A mystery shopper exercise by the Legal Services Consumer Panel failed one in four wills. Currently, there are no restrictions on who can draft wills and there are increasing numbers of unregulated will-writing firms with little or no legal training.
‘Sadly, the results of the research took us by surprise,’ commented Dr Dianne Hayter, chair of the Legal Services Consumer Panel. ‘The poor quality of too many wills left us with little doubt that standards across the whole industry need to be raised in the quality of will-writing, but also covering sales practices.’ The panel was ‘clear that it is only by regulating will-writing’ would ‘detriment’ be prevented and standards improved.

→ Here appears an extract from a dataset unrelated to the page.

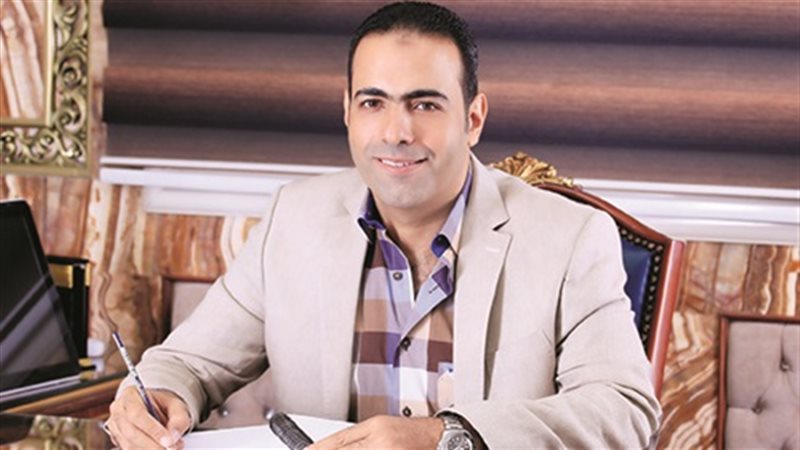 النائب الدكتور، محمود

However she added that did not mean ‘giving solicitors a monopoly’.
As the Legal Services Consumer Panel noted, will-writing was ‘unusual’ because alternatives to solicitors (banks, independent financial advisors, charities, trade unions, will-writing companies and providers of paper and online self-completion wills) had made ‘significant inroads into the market’ and accounted for one-third of wills prepared last year.
Ministers last looked at whether will writing should be regulated when they considered the passage of the Legal Services Act but concluded that was insufficient evidence of consumer detriment to justify this move. Following the move to regulate will-writing companies in Scotland and ‘mounting concern south of the border’ the Legal Services Board in 2010 asked the Panel for advice on problems that consumers face.
The panel found that one in four wills in its mystery shopper exercise failed its test with more than one in three of all assessments scoring either ‘poor’ or ‘very poor’. The same proportion of wills prepared by solicitors and will-writing companies were failed and were ‘almost just as likely to fail when the client had simple or complex circumstances.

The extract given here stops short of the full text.